On the good side, it can be kind of reassuring. But literally as I type this, also unsettling. "Well, if money gets tight, worst case, I should be able to 'flip' this new purchase for less than I paid for it." :) "...unless we're actually on the cusp of a banking/housing crisis." :(
 

Volpone

Zombie Hunter
I should just keep a diary. But I do kind of like knowing at least 1 or 2 people read about what's on my mind.

So being a platoon commander for an infantry attack...you really don't ever shoot at anyone. You spend most of your time just running back and forth, trying to keep everyone on line and at a proper interval. You don't want people to bunch up (which is a human instinct that served well in caveman days, but in hand grenade days, not so much) but you don't want them spread out far enough that there's gaps. You don't want people to get ahead, lag back, or veer to one direction or another. Because when people in green clothes are trying to kill other people in green clothes and there's smoke and noise and chaos, it's real easy to shoot one of your own people. So all you do is run from squad to squad--even person to person, shouting and repositioning and reorienting people to keep the attack moving where it's supposed to go. I only did it once in training and I wasn't particularly good at it. So in their wisdom, the Marine Corps did NOT make me an infantry officer.

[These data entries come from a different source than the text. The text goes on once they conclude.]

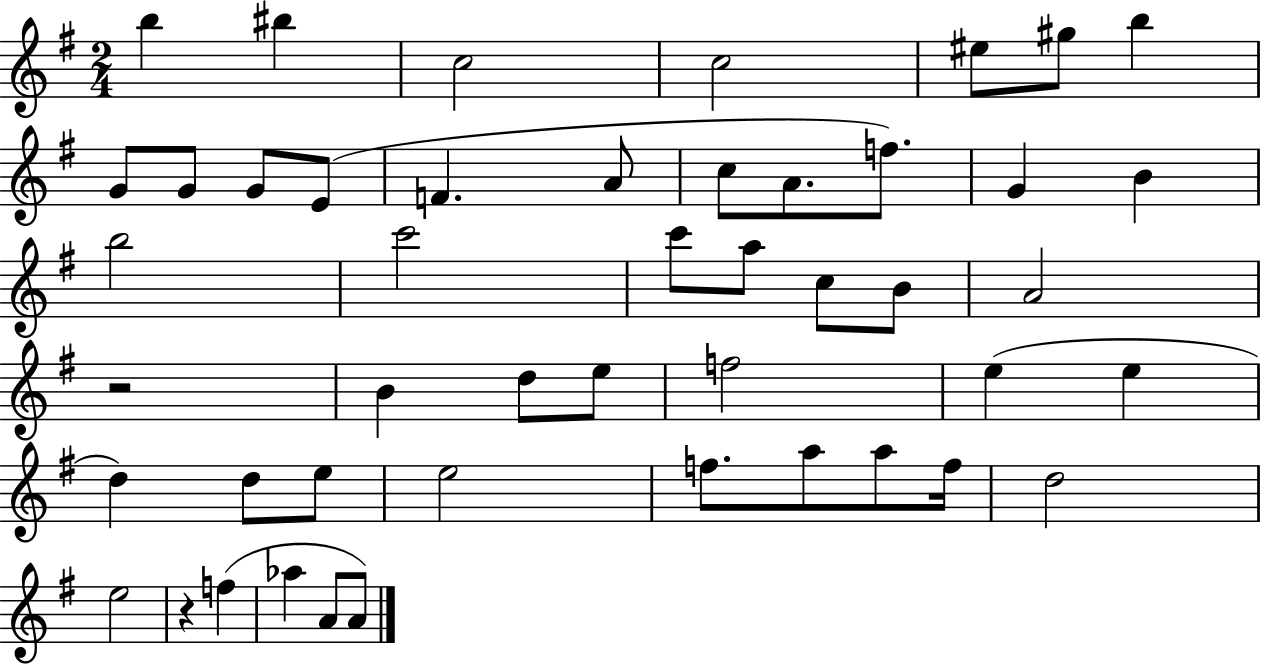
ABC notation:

X:1
T:Untitled
M:2/4
L:1/4
K:G
b ^b c2 c2 ^e/2 ^g/2 b G/2 G/2 G/2 E/2 F A/2 c/2 A/2 f/2 G B b2 c'2 c'/2 a/2 c/2 B/2 A2 z2 B d/2 e/2 f2 e e d d/2 e/2 e2 f/2 a/2 a/2 f/4 d2 e2 z f _a A/2 A/2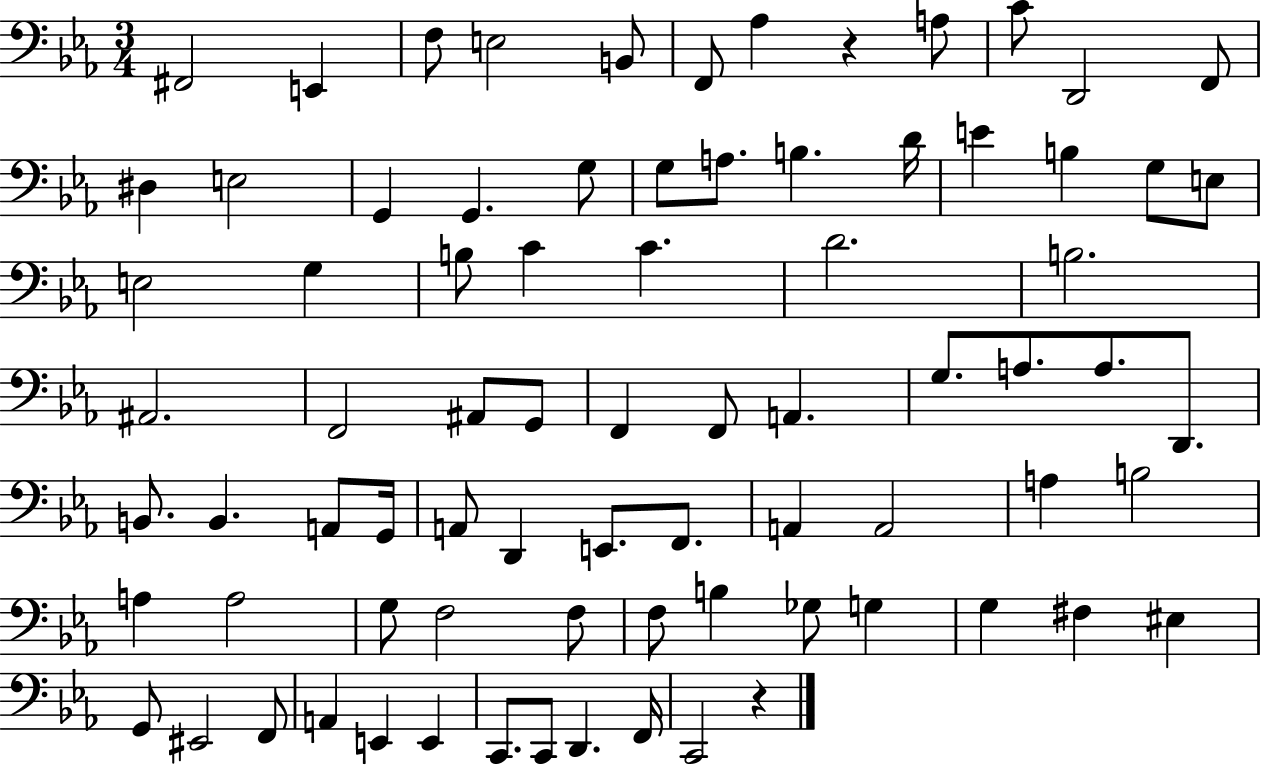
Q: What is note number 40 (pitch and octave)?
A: A3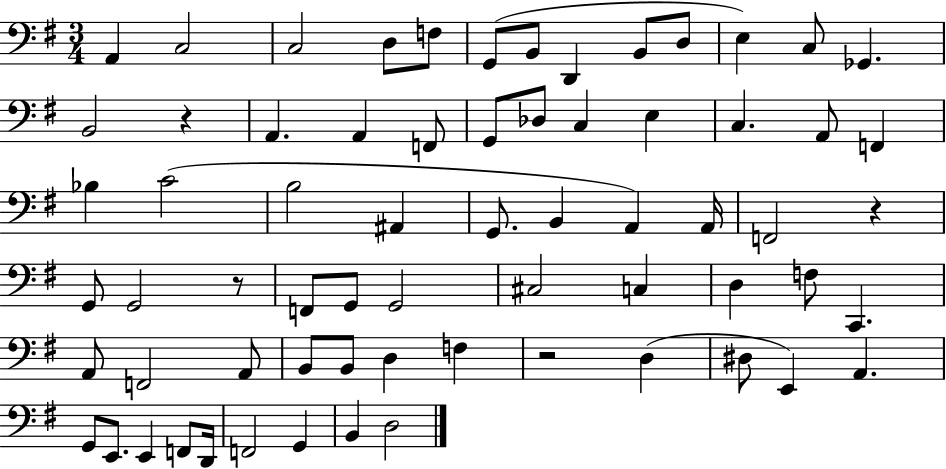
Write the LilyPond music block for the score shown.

{
  \clef bass
  \numericTimeSignature
  \time 3/4
  \key g \major
  a,4 c2 | c2 d8 f8 | g,8( b,8 d,4 b,8 d8 | e4) c8 ges,4. | \break b,2 r4 | a,4. a,4 f,8 | g,8 des8 c4 e4 | c4. a,8 f,4 | \break bes4 c'2( | b2 ais,4 | g,8. b,4 a,4) a,16 | f,2 r4 | \break g,8 g,2 r8 | f,8 g,8 g,2 | cis2 c4 | d4 f8 c,4. | \break a,8 f,2 a,8 | b,8 b,8 d4 f4 | r2 d4( | dis8 e,4) a,4. | \break g,8 e,8. e,4 f,8 d,16 | f,2 g,4 | b,4 d2 | \bar "|."
}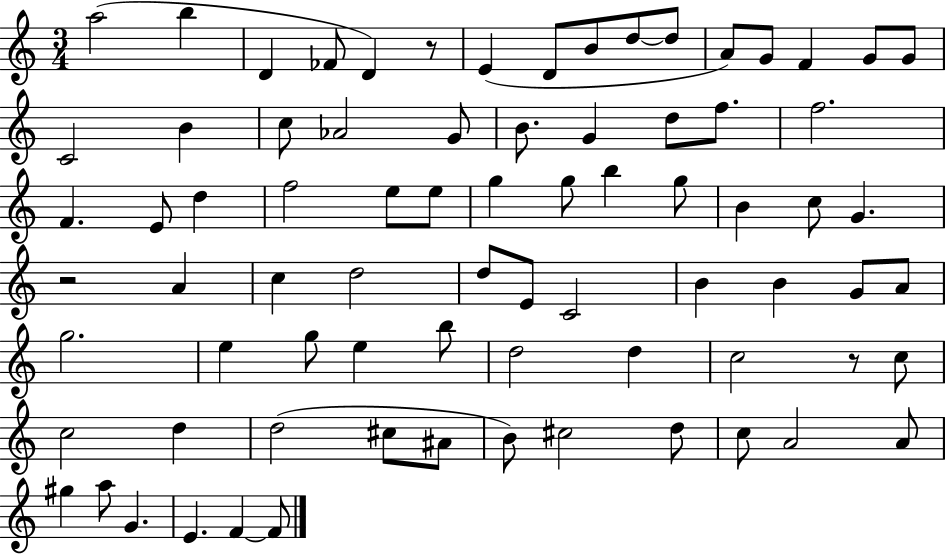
{
  \clef treble
  \numericTimeSignature
  \time 3/4
  \key c \major
  a''2( b''4 | d'4 fes'8 d'4) r8 | e'4( d'8 b'8 d''8~~ d''8 | a'8) g'8 f'4 g'8 g'8 | \break c'2 b'4 | c''8 aes'2 g'8 | b'8. g'4 d''8 f''8. | f''2. | \break f'4. e'8 d''4 | f''2 e''8 e''8 | g''4 g''8 b''4 g''8 | b'4 c''8 g'4. | \break r2 a'4 | c''4 d''2 | d''8 e'8 c'2 | b'4 b'4 g'8 a'8 | \break g''2. | e''4 g''8 e''4 b''8 | d''2 d''4 | c''2 r8 c''8 | \break c''2 d''4 | d''2( cis''8 ais'8 | b'8) cis''2 d''8 | c''8 a'2 a'8 | \break gis''4 a''8 g'4. | e'4. f'4~~ f'8 | \bar "|."
}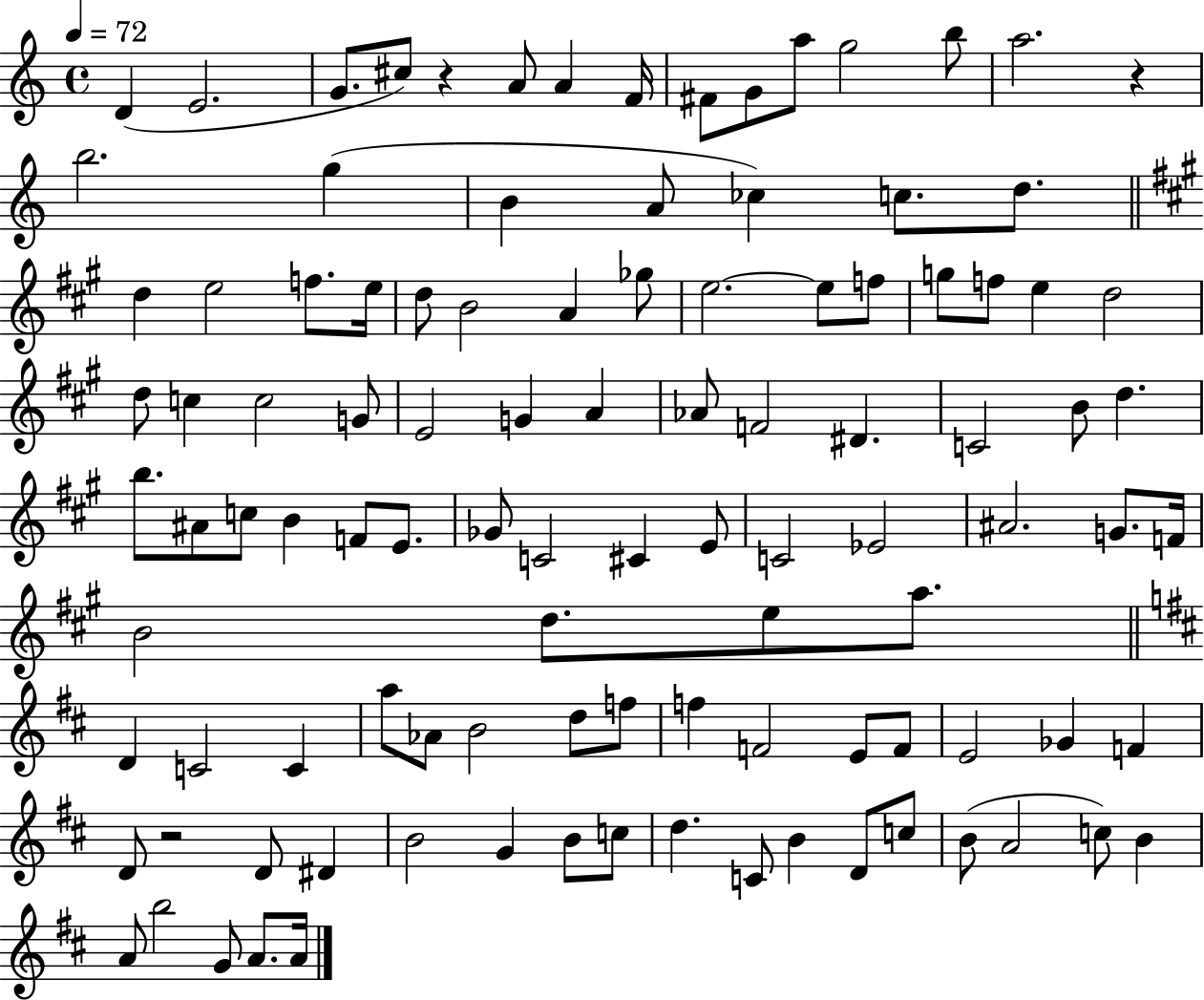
D4/q E4/h. G4/e. C#5/e R/q A4/e A4/q F4/s F#4/e G4/e A5/e G5/h B5/e A5/h. R/q B5/h. G5/q B4/q A4/e CES5/q C5/e. D5/e. D5/q E5/h F5/e. E5/s D5/e B4/h A4/q Gb5/e E5/h. E5/e F5/e G5/e F5/e E5/q D5/h D5/e C5/q C5/h G4/e E4/h G4/q A4/q Ab4/e F4/h D#4/q. C4/h B4/e D5/q. B5/e. A#4/e C5/e B4/q F4/e E4/e. Gb4/e C4/h C#4/q E4/e C4/h Eb4/h A#4/h. G4/e. F4/s B4/h D5/e. E5/e A5/e. D4/q C4/h C4/q A5/e Ab4/e B4/h D5/e F5/e F5/q F4/h E4/e F4/e E4/h Gb4/q F4/q D4/e R/h D4/e D#4/q B4/h G4/q B4/e C5/e D5/q. C4/e B4/q D4/e C5/e B4/e A4/h C5/e B4/q A4/e B5/h G4/e A4/e. A4/s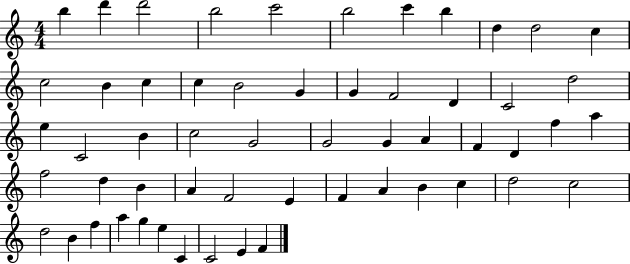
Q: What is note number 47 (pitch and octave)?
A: D5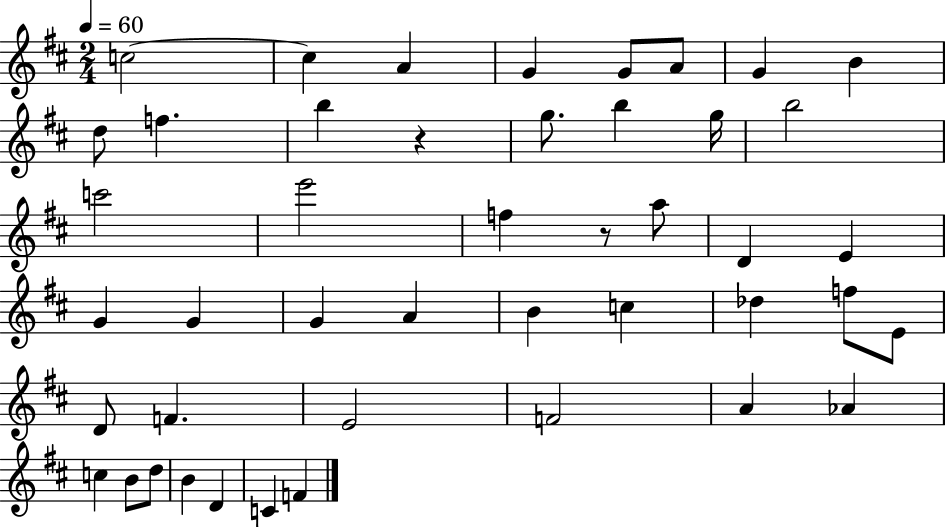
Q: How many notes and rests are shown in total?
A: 45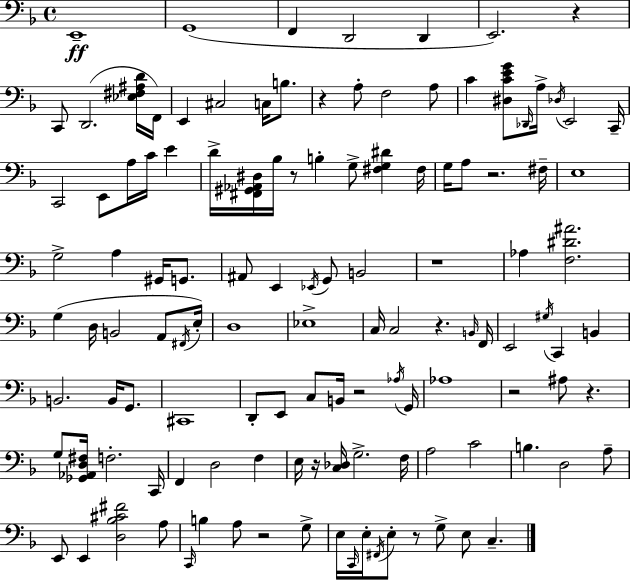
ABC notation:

X:1
T:Untitled
M:4/4
L:1/4
K:F
E,,4 G,,4 F,, D,,2 D,, E,,2 z C,,/2 D,,2 [_E,^F,^A,D]/4 F,,/4 E,, ^C,2 C,/4 B,/2 z A,/2 F,2 A,/2 C [^D,CEG]/2 _D,,/4 A,/4 _D,/4 E,,2 C,,/4 C,,2 E,,/2 A,/4 C/4 E D/4 [^F,,^G,,_A,,^D,]/4 _B,/4 z/2 B, G,/2 [^F,G,^D] ^F,/4 G,/4 A,/2 z2 ^F,/4 E,4 G,2 A, ^G,,/4 G,,/2 ^A,,/2 E,, _E,,/4 G,,/2 B,,2 z4 _A, [F,^D^A]2 G, D,/4 B,,2 A,,/2 ^F,,/4 E,/4 D,4 _E,4 C,/4 C,2 z B,,/4 F,,/4 E,,2 ^G,/4 C,, B,, B,,2 B,,/4 G,,/2 ^C,,4 D,,/2 E,,/2 C,/2 B,,/4 z2 _A,/4 G,,/4 _A,4 z2 ^A,/2 z G,/2 [_G,,_A,,D,^F,]/4 F,2 C,,/4 F,, D,2 F, E,/4 z/4 [C,_D,]/4 G,2 F,/4 A,2 C2 B, D,2 A,/2 E,,/2 E,, [D,_B,^C^F]2 A,/2 C,,/4 B, A,/2 z2 G,/2 E,/4 C,,/4 E,/4 ^F,,/4 E,/2 z/2 G,/2 E,/2 C,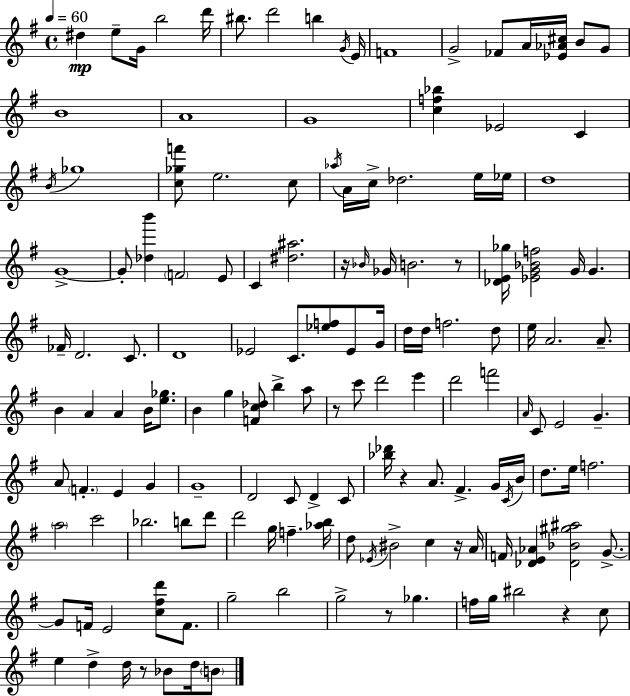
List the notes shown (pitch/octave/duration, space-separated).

D#5/q E5/e G4/s B5/h D6/s BIS5/e. D6/h B5/q G4/s E4/s F4/w G4/h FES4/e A4/s [Eb4,Ab4,C#5]/s B4/e G4/e B4/w A4/w G4/w [C5,F5,Bb5]/q Eb4/h C4/q B4/s Gb5/w [C5,Gb5,F6]/e E5/h. C5/e Ab5/s A4/s C5/s Db5/h. E5/s Eb5/s D5/w G4/w G4/e [Db5,B6]/q F4/h E4/e C4/q [D#5,A#5]/h. R/s Bb4/s Gb4/s B4/h. R/e [Db4,E4,Gb5]/s [Eb4,G4,Bb4,F5]/h G4/s G4/q. FES4/s D4/h. C4/e. D4/w Eb4/h C4/e. [Eb5,F5]/e Eb4/e G4/s D5/s D5/s F5/h. D5/e E5/s A4/h. A4/e. B4/q A4/q A4/q B4/s [E5,Gb5]/e. B4/q G5/q [F4,C5,Db5]/e B5/q A5/e R/e C6/e D6/h E6/q D6/h F6/h A4/s C4/e E4/h G4/q. A4/e F4/q. E4/q G4/q G4/w D4/h C4/e D4/q C4/e [Bb5,Db6]/s R/q A4/e. F#4/q. G4/s C4/s B4/s D5/e. E5/s F5/h. A5/h C6/h Bb5/h. B5/e D6/e D6/h G5/s F5/q. [Ab5,B5]/s D5/e Eb4/s BIS4/h C5/q R/s A4/s F4/s [Db4,E4,Ab4]/q [Db4,Bb4,G#5,A#5]/h G4/e. G4/e F4/s E4/h [C5,F#5,D6]/e F4/e. G5/h B5/h G5/h R/e Gb5/q. F5/s G5/s BIS5/h R/q C5/e E5/q D5/q D5/s R/e Bb4/e D5/s B4/e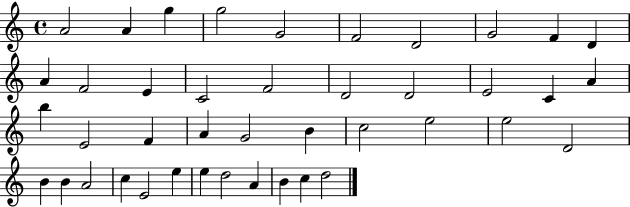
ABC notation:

X:1
T:Untitled
M:4/4
L:1/4
K:C
A2 A g g2 G2 F2 D2 G2 F D A F2 E C2 F2 D2 D2 E2 C A b E2 F A G2 B c2 e2 e2 D2 B B A2 c E2 e e d2 A B c d2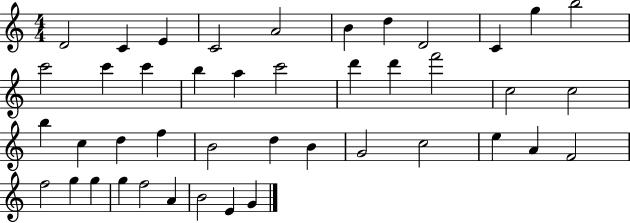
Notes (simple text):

D4/h C4/q E4/q C4/h A4/h B4/q D5/q D4/h C4/q G5/q B5/h C6/h C6/q C6/q B5/q A5/q C6/h D6/q D6/q F6/h C5/h C5/h B5/q C5/q D5/q F5/q B4/h D5/q B4/q G4/h C5/h E5/q A4/q F4/h F5/h G5/q G5/q G5/q F5/h A4/q B4/h E4/q G4/q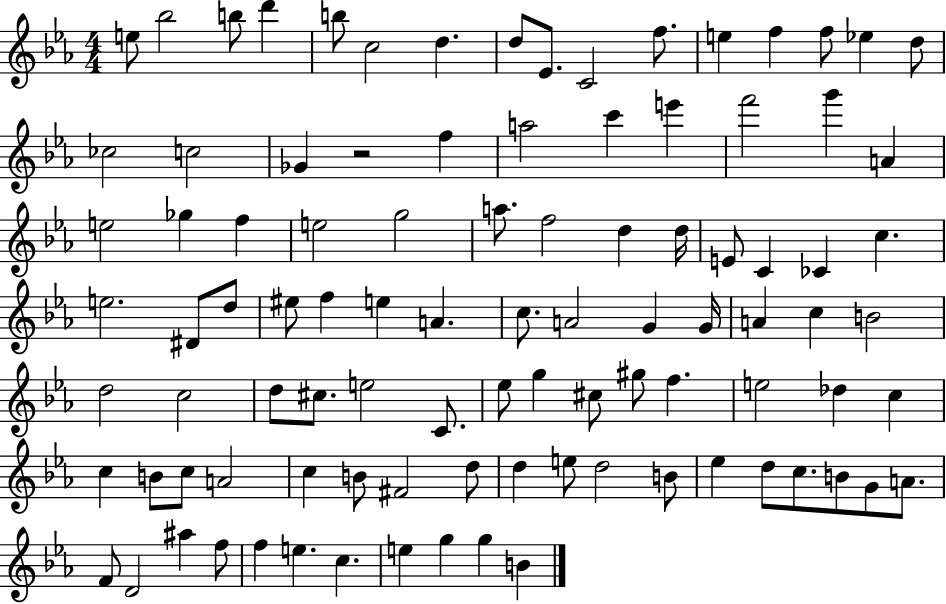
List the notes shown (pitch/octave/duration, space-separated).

E5/e Bb5/h B5/e D6/q B5/e C5/h D5/q. D5/e Eb4/e. C4/h F5/e. E5/q F5/q F5/e Eb5/q D5/e CES5/h C5/h Gb4/q R/h F5/q A5/h C6/q E6/q F6/h G6/q A4/q E5/h Gb5/q F5/q E5/h G5/h A5/e. F5/h D5/q D5/s E4/e C4/q CES4/q C5/q. E5/h. D#4/e D5/e EIS5/e F5/q E5/q A4/q. C5/e. A4/h G4/q G4/s A4/q C5/q B4/h D5/h C5/h D5/e C#5/e. E5/h C4/e. Eb5/e G5/q C#5/e G#5/e F5/q. E5/h Db5/q C5/q C5/q B4/e C5/e A4/h C5/q B4/e F#4/h D5/e D5/q E5/e D5/h B4/e Eb5/q D5/e C5/e. B4/e G4/e A4/e. F4/e D4/h A#5/q F5/e F5/q E5/q. C5/q. E5/q G5/q G5/q B4/q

I mention this because that's what this week has been like. I can't even remember what I did Monday, but Monday night I found out my offer got accepted so I had to sell some stocks. Then Tuesday I had to stop by my bank to let them know a lot of money would be hitting my account soon and that I'd be using my HELOC. Next I had to run over to the realtor to drop off the earnest money check. I think there was other stuff too, but I forget what. That brings us to today. Since I keep getting these texts that my car repair is proceeding apace to be finished on the 31st but I know the hood they need still hasn't shipped, I decided I'd better call them to make sure they haven't ordered a hood and put it on. Turns out, as I said above, there's more damage. Possibly enough that the insurance will just write the car off. I don't want that and will fix the car regardless, but depending on what an adjuster says when they get around to saying something, it could be out my hands, creating new hurdles and headaches. While I was walking the dog I hit on a solution: Body shops also fix cars that aren't insurance claims. And my car is old enough that it has stuff that needs fixing. So what if it turned out some of the damage wasn't actually caused by the accident and therefore wasn't part of the claim? Since the car is in the shop and apart anyway, couldn't I have them open another job to repair some things that aren't related to the accident? That way I get what I want, they get what they want, and the insurance company gets what they want instead of no one getting what they want. The guy said that might work and he'd bring it up with his manager, so fingers crossed.

At that point I decided I needed to do something physical and immediate that I could see results on. Since "storm damage" is on my list, I got out the maul and wedges and chainsaw and finished cutting out the stump from the tree. Now I see I've run the clock down enough that I can go get dinner started.
 

Volpone

Zombie Hunter
Buzzed and waiting for my phone to recharge so I can go to bed. My dog hunts groundhogs to some success. So I Googled "is groundhog tasty?" And according to the "Mother Earth News," it is. :garamet: I don't know if the economy is quite bad enough or that I'm quite redneck enough to pop a woodchuck in the Crock Pot, but still...a useful thing to know.